For b-jets, a further request was applied through the variable j.containsBottom() == true, while for light jets the same variable is requested to be false. Two generators were initially used: Pythia6 Tune Z2 and CASCADE. For both generators, production of heavy b-quark pairs was set as primary process and different kinds of samples were studied by progressively switching on initial and final state radiation and multiparton interactions to look at the effects of each new physical processes. A ptHat It has to be reminded that CASCADE generator does not implement multiparton interaction. For the analysis with jets in the central region, 1M events were generated while for the analyses in the forward and CASTOR regions, the statistics was increased up to 4M events because of the lower impact of this kind of events. The event selection has required:

  • ANALYSIS IN THE CENTRAL REGION: two b-jets in the central region, two light-jets in the central region;
  • ANALYSIS IN THE FORWARD REGION: two b-jets in the central region, two light-jets in the forward region;
  • ANALYSIS IN THE CASTOR REGION: two b-jets in the central region, one light-jet in the forward region, one light-jet in the CASTOR region.

All the selected jets of the same type have to be separated by a DeltaR = sqrt (DeltaEta^2+DeltaPhi^2) > 0.4 to remove overlappings.

For each sample, some important observables were checked in order to find different shapes and hints to separate processes occured with a single-chain diagram or with a double-chain one. The main ones are:

  • the leading jet pt in the event (independent on the type of the jet);
  • DeltaPhiBottomJets = Phi(b1) - Phi(b2);
  • DeltaPhiLightJets = Phi(j1) - Phi(j2);
  • DeltaPhiEvent: delta phi between the two planes containing respectively the bottom and the light systems (special case is when the b jets or the light jets are close to be back-to-back -> cos(Phi) < -0.9: in this case, the plane of the bottom or the light system are evaluated taking the directions of one of the incoming protons and of one of the two selected jets. Then, the DeltaPhiEvent is evaluated with the versor extracted from this plane);
  • DeltaPhiNewWay: delta phi between the vectors obtained by the sum of the two three-momenta of the selected jets of the same type;
  • PtBottomImbalance = |_pt_(b1,b2)|/(|_pt_(b1)|+|_pt_(b2)|) -> Vectorial sum of the two three-momenta for b-jets normalized to the sum of their modules
  • PtLightImbalance = |_pt_(j1,j2)|/(|_pt_(j1)|+|_pt_(j2)|) -> Vectorial sum of the two three-momenta for light-jets normalized to the sum of their modules
  • SPhi = (1/sqrt(2)) x sqrt(DeltaPhiBottomJets^2+DeltaPhiLightJets^2);
  • SptPrime = (1/sqrt(2)) x sqrt(PtBottomImbalance^2 + PtLightImbalance^2);
  • Momentum fractions of the initial interacting partons (not yet studied).

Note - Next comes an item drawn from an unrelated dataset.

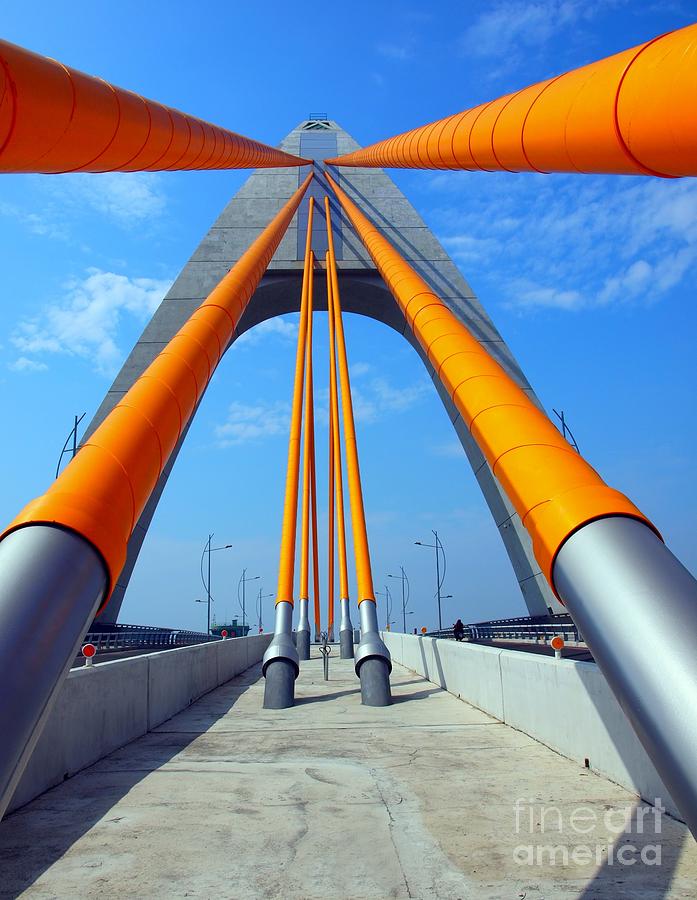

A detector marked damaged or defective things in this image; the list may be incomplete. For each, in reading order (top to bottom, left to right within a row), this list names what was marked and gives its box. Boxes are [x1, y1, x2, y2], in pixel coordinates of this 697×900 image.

cracked concrete surface [1, 652, 696, 900]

Plots of these variables are shown in the following sections.

Control Plots

Some control plots are shown for the different generated samples. Particular attention is taken in the understanding of the new effects introduced by the radiation and the multiparton interaction and also some comparisons with the parton level have been reported. In the following plots, from left to right, pt of the b quarks, pt of the b jets and eta of the b jets are represented for the samples without radiation and MPI (black curve), with radiation and without MPI (red curve) and with radiation and MPI (blue curve).

As you can see, at the parton level, the introduction of radiation and MPI reasonably smeares the distribution of the b-transverse momentum down to low _pt_s (the peak around 25 GeV for the sample without radiation and MPI is due to the fact that I set a lower cut for _pt_hat of 20 GeV/c) and this is reflected at the hadron level with a lower statistics of selected jets because of the cut for the b-jet _pt_s at 25 GeV. Then, we can look at the distributions of DeltaPhi for bottom and light jets separately.

We see that for b-jets, again the introduction of radiation smeares the peak at DeltaPhi ~ 3.14 corresponding to a back-to-back configuration, because the directions of the originary jets are randomized from the emission of new objects. The back-to-back configuration characterizes just the primary hard scattering. For light jets, this is not the case and the distribution is quite flat for the emitted jets but it appears a peak around Pi after the introduction of MPI that adds jets coming from a different independent interaction. Finally, it's worth to say that for the sample without radiation and MPI, we don't have any light jets in the final state because they are not produced by the primary process.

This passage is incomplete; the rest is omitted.